The Yasukuni Shrine is a Shinto shrine established in 1869 in Tokyo. It was constructed in order to honor and worship the soldiers who have died for their country in the Boshin Civil War that brought about the Meiji restoration and sacrificed their lives in the service of their emperor to build a firm foundation for Japan to become a truly peaceful country. For some Asian countries such as China and South Korea, which had been victims under Japanese imperialism and aggression in the first half of the 20th century, the shrine was built to commemorate Japanese war criminals in the World War II, and it has become a blatant symbol for Japanese wartime militarism from the perspectives of these Asian countries. At the center of Yasukuni Shrine's controversy is the fact that those venerated included 14 convicted class-A war criminals, including former Prime Minister General Hideki Tojo. The Yasukuni Shrine is therefore frequently at the center of political storms, especially when several Japanese cabinet members and prime ministers pay their visits to worship the souls of the military war dead at the Shrine each year, as neighboring countries consider the visits by Japanese prime ministers to the shrine as an attempt to legitimize Japan's past militarism.

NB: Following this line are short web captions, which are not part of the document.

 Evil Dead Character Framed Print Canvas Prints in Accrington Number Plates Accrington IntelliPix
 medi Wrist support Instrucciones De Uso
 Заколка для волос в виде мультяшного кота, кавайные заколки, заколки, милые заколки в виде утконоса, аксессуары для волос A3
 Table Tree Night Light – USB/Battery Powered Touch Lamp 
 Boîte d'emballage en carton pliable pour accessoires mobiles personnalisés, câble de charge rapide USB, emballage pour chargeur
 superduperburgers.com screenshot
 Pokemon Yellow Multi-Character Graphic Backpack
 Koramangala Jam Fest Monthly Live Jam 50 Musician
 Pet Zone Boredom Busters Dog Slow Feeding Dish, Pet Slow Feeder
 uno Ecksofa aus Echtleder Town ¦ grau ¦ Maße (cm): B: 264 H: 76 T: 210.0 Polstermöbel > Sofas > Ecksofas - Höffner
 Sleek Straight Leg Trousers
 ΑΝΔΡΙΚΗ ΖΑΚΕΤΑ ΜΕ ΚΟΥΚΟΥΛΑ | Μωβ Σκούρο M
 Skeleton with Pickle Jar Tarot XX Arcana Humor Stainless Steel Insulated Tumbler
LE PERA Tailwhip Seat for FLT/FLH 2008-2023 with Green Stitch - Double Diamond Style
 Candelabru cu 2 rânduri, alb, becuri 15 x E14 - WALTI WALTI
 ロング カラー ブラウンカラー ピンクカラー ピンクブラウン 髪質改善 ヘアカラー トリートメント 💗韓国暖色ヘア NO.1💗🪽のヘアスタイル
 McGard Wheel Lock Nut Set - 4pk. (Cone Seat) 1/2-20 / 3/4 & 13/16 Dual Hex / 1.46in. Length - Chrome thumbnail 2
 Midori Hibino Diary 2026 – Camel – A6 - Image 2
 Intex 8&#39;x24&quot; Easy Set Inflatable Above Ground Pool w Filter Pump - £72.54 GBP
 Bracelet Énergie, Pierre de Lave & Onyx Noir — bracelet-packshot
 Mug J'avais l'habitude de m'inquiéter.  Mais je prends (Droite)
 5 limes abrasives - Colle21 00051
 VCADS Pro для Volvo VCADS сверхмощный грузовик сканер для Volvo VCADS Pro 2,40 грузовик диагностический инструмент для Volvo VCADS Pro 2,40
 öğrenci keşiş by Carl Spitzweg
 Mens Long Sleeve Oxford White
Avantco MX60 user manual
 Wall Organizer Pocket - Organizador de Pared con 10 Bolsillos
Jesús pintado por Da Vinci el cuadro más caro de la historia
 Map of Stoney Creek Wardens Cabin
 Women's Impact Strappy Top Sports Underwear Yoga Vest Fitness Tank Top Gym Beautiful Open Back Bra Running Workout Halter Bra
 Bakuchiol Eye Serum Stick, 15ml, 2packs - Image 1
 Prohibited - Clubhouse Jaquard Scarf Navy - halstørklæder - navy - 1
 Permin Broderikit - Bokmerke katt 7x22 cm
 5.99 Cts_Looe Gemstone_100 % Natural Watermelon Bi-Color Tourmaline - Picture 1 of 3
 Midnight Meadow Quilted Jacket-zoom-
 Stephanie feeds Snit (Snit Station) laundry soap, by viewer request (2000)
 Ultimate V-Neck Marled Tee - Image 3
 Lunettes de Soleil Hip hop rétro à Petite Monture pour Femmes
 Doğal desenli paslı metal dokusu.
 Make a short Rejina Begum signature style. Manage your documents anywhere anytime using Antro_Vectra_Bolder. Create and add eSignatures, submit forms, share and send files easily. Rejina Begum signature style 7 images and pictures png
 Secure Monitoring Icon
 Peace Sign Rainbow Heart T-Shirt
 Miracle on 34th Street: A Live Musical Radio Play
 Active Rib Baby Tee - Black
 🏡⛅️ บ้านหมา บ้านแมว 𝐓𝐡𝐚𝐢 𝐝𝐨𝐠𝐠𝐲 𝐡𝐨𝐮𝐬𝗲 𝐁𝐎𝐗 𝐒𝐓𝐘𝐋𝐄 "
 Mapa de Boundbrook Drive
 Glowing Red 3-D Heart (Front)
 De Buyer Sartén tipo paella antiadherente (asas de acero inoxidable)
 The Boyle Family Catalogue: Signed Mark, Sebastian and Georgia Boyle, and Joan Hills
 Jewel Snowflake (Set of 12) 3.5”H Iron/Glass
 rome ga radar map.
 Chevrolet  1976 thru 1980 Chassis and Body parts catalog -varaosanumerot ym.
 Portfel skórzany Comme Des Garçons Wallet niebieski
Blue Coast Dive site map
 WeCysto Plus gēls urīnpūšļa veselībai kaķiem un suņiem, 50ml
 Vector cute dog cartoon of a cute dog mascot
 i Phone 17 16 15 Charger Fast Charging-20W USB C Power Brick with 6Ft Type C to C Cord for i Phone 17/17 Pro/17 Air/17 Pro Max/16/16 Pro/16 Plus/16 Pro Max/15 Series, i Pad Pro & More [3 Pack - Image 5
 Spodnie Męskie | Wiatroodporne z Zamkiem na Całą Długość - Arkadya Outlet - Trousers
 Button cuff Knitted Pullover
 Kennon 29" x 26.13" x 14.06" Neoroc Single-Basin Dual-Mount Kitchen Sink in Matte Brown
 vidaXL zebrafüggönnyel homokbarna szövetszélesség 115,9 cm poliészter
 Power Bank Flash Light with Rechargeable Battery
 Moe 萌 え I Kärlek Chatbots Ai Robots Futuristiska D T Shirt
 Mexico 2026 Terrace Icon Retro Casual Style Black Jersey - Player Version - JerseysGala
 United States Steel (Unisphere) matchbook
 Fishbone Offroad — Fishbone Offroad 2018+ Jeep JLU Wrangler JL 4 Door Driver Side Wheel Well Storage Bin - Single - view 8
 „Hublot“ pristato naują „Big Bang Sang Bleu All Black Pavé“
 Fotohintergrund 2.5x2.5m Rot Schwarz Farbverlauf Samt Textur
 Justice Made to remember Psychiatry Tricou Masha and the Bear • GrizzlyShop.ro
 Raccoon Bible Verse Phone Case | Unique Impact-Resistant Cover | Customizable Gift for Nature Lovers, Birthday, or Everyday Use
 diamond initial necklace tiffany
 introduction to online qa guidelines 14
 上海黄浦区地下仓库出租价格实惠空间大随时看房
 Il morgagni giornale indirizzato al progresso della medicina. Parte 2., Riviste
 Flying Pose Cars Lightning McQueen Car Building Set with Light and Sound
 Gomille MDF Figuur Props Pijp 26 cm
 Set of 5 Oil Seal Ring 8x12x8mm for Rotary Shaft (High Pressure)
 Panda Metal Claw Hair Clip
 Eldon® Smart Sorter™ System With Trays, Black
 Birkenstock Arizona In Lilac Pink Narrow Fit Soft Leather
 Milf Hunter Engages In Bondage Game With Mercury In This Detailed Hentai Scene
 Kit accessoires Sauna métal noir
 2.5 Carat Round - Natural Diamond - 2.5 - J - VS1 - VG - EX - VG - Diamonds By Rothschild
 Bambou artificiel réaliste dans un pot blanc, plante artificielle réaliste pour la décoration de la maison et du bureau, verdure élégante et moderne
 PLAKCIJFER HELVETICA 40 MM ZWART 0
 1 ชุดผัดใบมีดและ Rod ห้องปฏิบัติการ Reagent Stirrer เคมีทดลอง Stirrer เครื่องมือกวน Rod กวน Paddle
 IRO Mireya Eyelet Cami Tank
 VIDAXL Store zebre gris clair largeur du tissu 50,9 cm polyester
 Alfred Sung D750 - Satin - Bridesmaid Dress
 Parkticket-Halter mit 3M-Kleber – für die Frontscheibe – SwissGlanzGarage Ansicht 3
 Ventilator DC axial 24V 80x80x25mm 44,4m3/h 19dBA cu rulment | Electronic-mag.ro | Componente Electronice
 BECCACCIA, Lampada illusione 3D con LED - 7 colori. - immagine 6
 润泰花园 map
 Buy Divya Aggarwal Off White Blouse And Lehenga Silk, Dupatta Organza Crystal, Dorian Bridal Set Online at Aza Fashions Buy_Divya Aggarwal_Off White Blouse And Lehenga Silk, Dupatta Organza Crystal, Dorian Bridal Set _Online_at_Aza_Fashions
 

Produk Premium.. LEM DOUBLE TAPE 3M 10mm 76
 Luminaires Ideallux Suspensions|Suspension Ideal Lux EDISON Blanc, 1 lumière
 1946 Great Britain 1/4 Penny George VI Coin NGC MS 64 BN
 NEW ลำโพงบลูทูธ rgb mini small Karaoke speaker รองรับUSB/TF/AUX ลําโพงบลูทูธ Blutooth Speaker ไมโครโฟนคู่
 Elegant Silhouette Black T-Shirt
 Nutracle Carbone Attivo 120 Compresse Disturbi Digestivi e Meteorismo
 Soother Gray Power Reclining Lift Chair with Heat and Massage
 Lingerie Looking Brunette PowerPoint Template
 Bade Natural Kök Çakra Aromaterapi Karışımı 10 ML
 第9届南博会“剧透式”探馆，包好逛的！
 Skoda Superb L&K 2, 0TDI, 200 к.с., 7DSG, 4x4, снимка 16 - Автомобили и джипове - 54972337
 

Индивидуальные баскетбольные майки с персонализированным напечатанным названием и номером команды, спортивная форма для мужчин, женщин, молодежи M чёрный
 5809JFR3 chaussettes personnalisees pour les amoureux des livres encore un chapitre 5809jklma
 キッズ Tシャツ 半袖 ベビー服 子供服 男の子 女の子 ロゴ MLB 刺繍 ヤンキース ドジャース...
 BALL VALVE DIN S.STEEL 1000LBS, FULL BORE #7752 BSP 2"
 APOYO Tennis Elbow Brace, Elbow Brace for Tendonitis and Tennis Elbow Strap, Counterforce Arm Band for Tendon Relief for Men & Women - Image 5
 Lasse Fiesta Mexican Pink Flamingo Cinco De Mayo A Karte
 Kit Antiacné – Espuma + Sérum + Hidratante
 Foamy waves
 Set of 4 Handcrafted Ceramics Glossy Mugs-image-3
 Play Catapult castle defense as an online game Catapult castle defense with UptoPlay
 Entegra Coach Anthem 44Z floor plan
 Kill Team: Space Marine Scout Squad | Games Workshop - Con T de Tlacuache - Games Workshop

The politicized symbolism of the Yasukuni Shrine involves the conflict between incompatible Japanese party identities, the significance of Yasukuni in the Japanese nationalism, how the Japanese wartime history is perceived, and Japan's diplomatic and political relations with its neighboring East Asian countries.
Once an important site for rituals centered on the imperial emperor, Yasukuni symbolizes the nation's former fusion of the state and the Shinto religion, and it is the shrine where Japanese soldiers, officers, and civilian employees of the military who died in modern Japan's wars have been enshrined as heroic spirits.